Clause in the Respondent’s Policy on Preventing & Dealing with Bullying or Harassment I note that the Complainant has placed significant reliance on the following clause in the Respondent’s Policy on Preventing & Dealing with Bullying or Harassment which she asserts obviates the need for her to exhaust the grievance procedure provided in that document: “[The Respondent] is required to act if it is suspected any form of harassment or bullying is occurring, even if no complaint has been made.” I am of the view that this clause only comes into play in cases where the Respondent suspects that any form of bullying or harassment is occurring. If, as happened in this case, the Respondent does not appear to suspect that any such behaviour is occurring, then responsibility for bringing it to their attention rests with the Complainant. Even if I accept that the Complainant raised the issue of bullying informally in the context of the investigation of the former Assistant Manager’s complaint against the CEO, it is apparent that no action on foot of the Complainant’s complaint was taken by the Respondent. The lack of action by the Respondent effectively meant that there was an onus on the Complainant to invoke the formal procedures. She did not do so and, therefore, has no met the test set out by the EAT in Conway v Ulster Bank Ltd which is still the guiding precedent in cases of constructive dismissal.
Experience of the former Assistant Manager I note that the former Assistant Manager conceded that the investigation into his complaint was probably undertaken in accordance with the agreed procedures.
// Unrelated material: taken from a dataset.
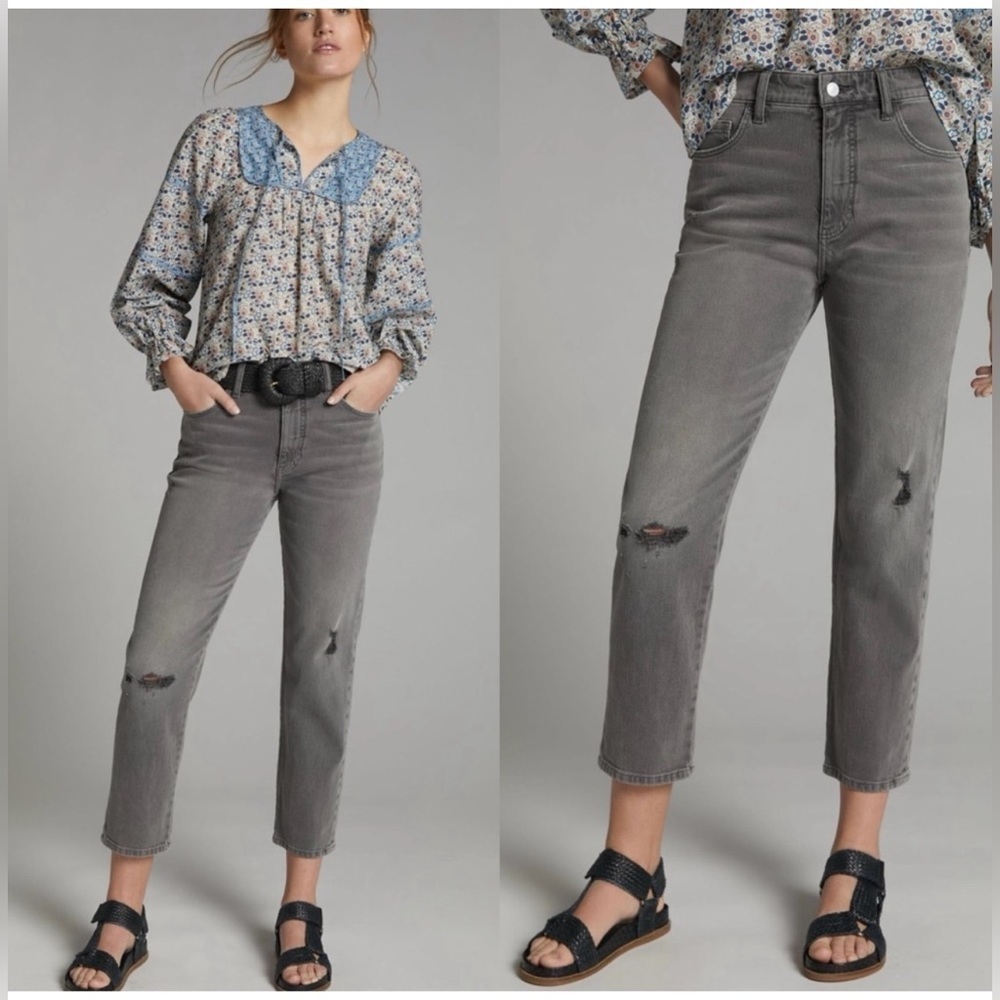 Pilcro the borrowed boyfriend Straight Leg Grey Jeans Size 25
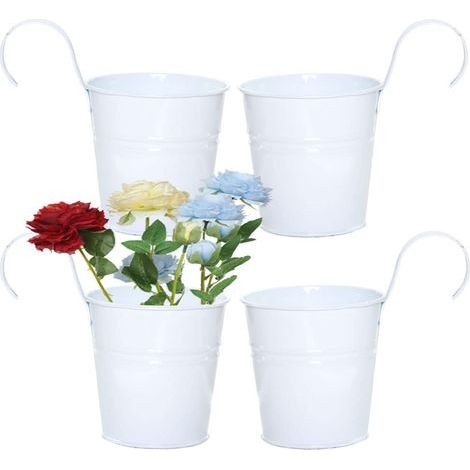 Pot Fleur Suspendu Extérieur 4 Pièces Pots de Fleurs Suspendus pour Balcon Balconniere Exterieur Métal Pots de Fleurs Suspendus avec Trou de Drainage Pot de Fleur pour Une clôture, Blanc (1/5)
I find, therefore, that the Complainant cannot rely on his experience to excuse her failure to exhaust internal procedures.
Allen v Independent Newspapers (Ireland) Ltd Details of numerous meetings between the Ms Allen and her employer in relation to her grievances were provided in the EAT decision in case of Allen v Independent Newspapers (Ireland) Ltd. Details were also provided of a letter which the Complainant wrote to her immediate manager setting out her grievances. Additionally, the EAT accepted the unchallenged evidence of Ms Allen’s husband that he took it upon it himself to speak to his wife’s immediate manager about his concern that Ms Allen had been coming home from work in a state of distress on a number of occasions. In response to Independent Newspapers (Ireland) Ltd’s assertion that it was incumbent on Ms Allen to utilise the grievance procedure of the National Union of Journalists before resigning, the EAT found that “the object of this procedure was to bring the claimant’s grievances to the attention of management but in their view that management were fully aware of her grievances”. I am of the view that the Complainant in the herein case, unlike Ms Allen, did not make sufficient effort to ensure that her employer was fully aware of her grievances. I do accept that the Complainant wrote to the Board of Directors of the Respondent company outlining her grievances on 23rd October 2018. However, since this occurred after her employment with the Respondent had ceased, I am of the view that her communication was too late to have any meaningful impact.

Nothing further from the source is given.